While specifying the hardware design for GRiSP-nano another evaluation board that will explore how low power we can run a full blown Erlang VM directly on hardware (it will be powered by temperature gradient energy harvesting, providing milli watt only) we encountered a issue with the CPU:
While it has a floating point acceleration unit, that unit only supports single precision floats (which are sufficient for many applications).
Erlang by default uses double precision and single precision only shows up when encoding/decoding binaries. It would be cool if it could use if for this hardware the floats could be defaulting to single precision. Because using doubles will use a slow software float emulation while single precision would be hardware accelerated. Using soft floats is also not the most energy efficient way so probably we need to avoid floats altogether.

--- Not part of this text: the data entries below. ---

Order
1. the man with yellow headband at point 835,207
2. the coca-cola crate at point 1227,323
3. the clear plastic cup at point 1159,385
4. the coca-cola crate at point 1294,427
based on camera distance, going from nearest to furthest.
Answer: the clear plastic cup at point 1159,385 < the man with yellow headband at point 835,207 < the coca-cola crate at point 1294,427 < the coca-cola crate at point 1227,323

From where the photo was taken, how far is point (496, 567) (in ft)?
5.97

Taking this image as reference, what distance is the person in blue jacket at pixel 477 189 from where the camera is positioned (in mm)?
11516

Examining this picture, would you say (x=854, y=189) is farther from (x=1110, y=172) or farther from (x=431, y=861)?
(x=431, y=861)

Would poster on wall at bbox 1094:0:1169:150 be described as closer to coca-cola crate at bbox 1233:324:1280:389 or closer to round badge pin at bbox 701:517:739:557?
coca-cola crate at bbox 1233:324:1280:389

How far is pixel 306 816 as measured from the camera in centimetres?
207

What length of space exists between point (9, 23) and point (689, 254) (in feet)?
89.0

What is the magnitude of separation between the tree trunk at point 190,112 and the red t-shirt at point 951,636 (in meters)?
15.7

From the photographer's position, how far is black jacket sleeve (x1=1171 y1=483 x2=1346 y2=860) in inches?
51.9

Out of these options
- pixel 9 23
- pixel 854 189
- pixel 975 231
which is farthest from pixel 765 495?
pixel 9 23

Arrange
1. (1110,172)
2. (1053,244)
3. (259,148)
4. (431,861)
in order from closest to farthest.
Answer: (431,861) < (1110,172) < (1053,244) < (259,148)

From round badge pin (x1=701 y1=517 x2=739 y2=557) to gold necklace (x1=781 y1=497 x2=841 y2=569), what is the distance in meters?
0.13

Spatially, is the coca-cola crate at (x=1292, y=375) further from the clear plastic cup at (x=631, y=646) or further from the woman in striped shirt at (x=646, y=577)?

Floats in Erlang are specified to be double precision, so if you change that you will create a different language. I don’t know if anything in stdlib/kernel relies on this fact, but you are bound to run into issues in various places in erts.
I think that the best approach would probably be to try to avoid floats alltogether and use the double float emulation where needed.
My guess is he’s doing something that could be ai/neural-network related. A lot of ai systems do quite fine even with something as low as 4-bit floats. So the bandwidth of double floats is just outrageous waste. I suspect this kind of request may become more frequent as developers must be able to use their accelerated hardware to be competitive. Naturally such a BEAM would not currently be compatible when talking to another (for now). I think the introduction of a shortfloat or something like that might be worth considering if Erlang wants to be viable in this space. As an old Forth-write - I abhor all floats (we did everything in fixed point) but, alas, that’s where the silicon creators focused their energies. I see some companies now creating hardware optimized for ai apps that use types more appropriate but don’t know how long until/if that will become standard. Until then - small floats are the rule in the space.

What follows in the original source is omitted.